## Task statement
Take the data below and copy exactly the lines starting at the one with "App Development For" and finishing at the one with "Elegant Minimal Eerie", both included.
:: Records to use ::
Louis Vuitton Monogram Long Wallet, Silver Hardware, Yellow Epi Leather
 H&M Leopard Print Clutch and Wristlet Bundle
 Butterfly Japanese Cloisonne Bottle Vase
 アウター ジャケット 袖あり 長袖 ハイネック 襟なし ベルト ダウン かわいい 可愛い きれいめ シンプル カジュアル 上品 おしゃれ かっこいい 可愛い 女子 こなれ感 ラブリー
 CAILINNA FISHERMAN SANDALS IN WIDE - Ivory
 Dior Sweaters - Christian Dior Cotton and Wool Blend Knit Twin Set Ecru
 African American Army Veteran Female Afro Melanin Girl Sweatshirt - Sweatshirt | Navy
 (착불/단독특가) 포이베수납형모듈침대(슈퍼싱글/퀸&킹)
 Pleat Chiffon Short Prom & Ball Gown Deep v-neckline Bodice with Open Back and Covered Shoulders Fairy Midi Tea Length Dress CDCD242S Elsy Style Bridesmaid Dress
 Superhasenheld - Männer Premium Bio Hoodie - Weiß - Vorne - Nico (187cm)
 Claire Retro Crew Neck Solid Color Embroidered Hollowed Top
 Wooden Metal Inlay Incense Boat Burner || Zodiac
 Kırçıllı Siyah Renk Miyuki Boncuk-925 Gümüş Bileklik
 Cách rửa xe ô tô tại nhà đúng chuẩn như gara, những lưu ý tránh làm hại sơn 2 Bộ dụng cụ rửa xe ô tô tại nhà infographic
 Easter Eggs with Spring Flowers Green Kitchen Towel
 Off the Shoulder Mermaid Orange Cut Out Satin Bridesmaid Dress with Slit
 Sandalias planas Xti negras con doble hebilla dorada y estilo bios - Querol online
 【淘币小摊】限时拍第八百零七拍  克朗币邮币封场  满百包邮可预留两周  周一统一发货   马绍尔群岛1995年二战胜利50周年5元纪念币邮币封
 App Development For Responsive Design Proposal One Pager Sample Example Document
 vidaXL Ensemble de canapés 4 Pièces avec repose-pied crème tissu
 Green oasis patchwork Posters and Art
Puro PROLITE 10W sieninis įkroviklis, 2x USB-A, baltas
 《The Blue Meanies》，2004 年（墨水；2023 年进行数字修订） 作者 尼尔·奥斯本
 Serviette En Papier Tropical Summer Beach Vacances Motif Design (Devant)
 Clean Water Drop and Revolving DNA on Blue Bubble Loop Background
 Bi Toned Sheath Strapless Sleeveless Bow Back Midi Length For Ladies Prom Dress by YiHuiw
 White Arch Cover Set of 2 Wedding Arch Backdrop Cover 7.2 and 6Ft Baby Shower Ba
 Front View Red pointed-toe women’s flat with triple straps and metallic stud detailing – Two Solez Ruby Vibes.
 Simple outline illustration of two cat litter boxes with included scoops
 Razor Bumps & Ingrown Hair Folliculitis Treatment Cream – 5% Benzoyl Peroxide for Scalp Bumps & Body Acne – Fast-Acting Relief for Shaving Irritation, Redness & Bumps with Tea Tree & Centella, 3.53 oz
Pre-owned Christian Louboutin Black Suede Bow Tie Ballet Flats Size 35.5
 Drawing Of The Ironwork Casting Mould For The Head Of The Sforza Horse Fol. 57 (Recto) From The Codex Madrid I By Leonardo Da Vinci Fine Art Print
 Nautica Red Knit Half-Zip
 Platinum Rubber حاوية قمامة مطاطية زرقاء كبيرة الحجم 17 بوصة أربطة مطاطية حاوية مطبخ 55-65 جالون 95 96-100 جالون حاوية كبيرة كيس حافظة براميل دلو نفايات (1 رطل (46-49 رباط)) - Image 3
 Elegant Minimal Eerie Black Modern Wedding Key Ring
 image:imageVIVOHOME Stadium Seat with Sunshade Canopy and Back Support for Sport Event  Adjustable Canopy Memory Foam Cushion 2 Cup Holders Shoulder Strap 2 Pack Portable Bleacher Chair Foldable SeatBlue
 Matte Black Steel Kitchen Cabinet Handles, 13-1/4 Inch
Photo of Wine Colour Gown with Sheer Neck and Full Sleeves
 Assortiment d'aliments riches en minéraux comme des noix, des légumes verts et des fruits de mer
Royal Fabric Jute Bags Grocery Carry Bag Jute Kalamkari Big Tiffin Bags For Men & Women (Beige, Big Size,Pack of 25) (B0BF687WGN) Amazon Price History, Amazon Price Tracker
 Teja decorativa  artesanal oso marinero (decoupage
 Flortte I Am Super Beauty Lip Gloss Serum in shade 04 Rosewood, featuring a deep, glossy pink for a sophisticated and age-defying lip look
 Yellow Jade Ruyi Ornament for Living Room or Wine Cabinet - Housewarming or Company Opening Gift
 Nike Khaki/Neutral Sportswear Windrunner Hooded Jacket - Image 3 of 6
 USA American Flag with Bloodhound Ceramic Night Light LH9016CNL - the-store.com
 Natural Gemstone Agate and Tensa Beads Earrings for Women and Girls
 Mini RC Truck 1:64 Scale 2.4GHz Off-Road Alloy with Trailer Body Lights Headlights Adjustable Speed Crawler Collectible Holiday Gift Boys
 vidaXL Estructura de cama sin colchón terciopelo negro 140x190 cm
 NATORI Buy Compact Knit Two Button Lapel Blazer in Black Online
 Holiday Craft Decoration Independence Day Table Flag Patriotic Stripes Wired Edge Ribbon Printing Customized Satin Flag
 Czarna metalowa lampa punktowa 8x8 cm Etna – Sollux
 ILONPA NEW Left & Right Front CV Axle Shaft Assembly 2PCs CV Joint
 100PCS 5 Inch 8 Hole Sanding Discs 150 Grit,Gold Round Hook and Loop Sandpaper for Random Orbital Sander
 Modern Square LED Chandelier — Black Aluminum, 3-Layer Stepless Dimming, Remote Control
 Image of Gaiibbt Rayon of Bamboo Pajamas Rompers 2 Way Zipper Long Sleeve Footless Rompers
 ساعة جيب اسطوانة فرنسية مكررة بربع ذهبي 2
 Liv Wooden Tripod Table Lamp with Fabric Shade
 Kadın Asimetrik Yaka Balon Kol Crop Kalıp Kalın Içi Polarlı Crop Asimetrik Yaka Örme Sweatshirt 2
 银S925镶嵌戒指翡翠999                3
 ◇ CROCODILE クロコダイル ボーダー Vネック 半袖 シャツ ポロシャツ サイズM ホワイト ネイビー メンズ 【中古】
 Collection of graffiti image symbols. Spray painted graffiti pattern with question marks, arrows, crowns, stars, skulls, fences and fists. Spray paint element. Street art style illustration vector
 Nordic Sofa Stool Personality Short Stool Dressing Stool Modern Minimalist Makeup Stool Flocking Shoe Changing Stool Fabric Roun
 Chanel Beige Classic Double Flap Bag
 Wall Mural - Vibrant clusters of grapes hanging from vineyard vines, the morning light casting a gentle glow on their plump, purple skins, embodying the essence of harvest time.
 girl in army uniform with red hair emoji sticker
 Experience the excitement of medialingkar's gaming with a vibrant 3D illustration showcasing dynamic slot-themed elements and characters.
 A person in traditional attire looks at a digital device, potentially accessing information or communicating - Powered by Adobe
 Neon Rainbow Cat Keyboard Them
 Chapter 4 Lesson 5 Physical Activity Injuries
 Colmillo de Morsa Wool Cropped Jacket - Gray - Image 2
:::
## Exercise output
 App Development For Responsive Design Proposal One Pager Sample Example Document
 vidaXL Ensemble de canapés 4 Pièces avec repose-pied crème tissu
 Green oasis patchwork Posters and Art
Puro PROLITE 10W sieninis įkroviklis, 2x USB-A, baltas
 《The Blue Meanies》，2004 年（墨水；2023 年进行数字修订） 作者 尼尔·奥斯本
 Serviette En Papier Tropical Summer Beach Vacances Motif Design (Devant)
 Clean Water Drop and Revolving DNA on Blue Bubble Loop Background
 Bi Toned Sheath Strapless Sleeveless Bow Back Midi Length For Ladies Prom Dress by YiHuiw
 White Arch Cover Set of 2 Wedding Arch Backdrop Cover 7.2 and 6Ft Baby Shower Ba
 Front View Red pointed-toe women’s flat with triple straps and metallic stud detailing – Two Solez Ruby Vibes.
 Simple outline illustration of two cat litter boxes with included scoops
 Razor Bumps & Ingrown Hair Folliculitis Treatment Cream – 5% Benzoyl Peroxide for Scalp Bumps & Body Acne – Fast-Acting Relief for Shaving Irritation, Redness & Bumps with Tea Tree & Centella, 3.53 oz
Pre-owned Christian Louboutin Black Suede Bow Tie Ballet Flats Size 35.5
 Drawing Of The Ironwork Casting Mould For The Head Of The Sforza Horse Fol. 57 (Recto) From The Codex Madrid I By Leonardo Da Vinci Fine Art Print
 Nautica Red Knit Half-Zip
 Platinum Rubber حاوية قمامة مطاطية زرقاء كبيرة الحجم 17 بوصة أربطة مطاطية حاوية مطبخ 55-65 جالون 95 96-100 جالون حاوية كبيرة كيس حافظة براميل دلو نفايات (1 رطل (46-49 رباط)) - Image 3
 Elegant Minimal Eerie Black Modern Wedding Key Ring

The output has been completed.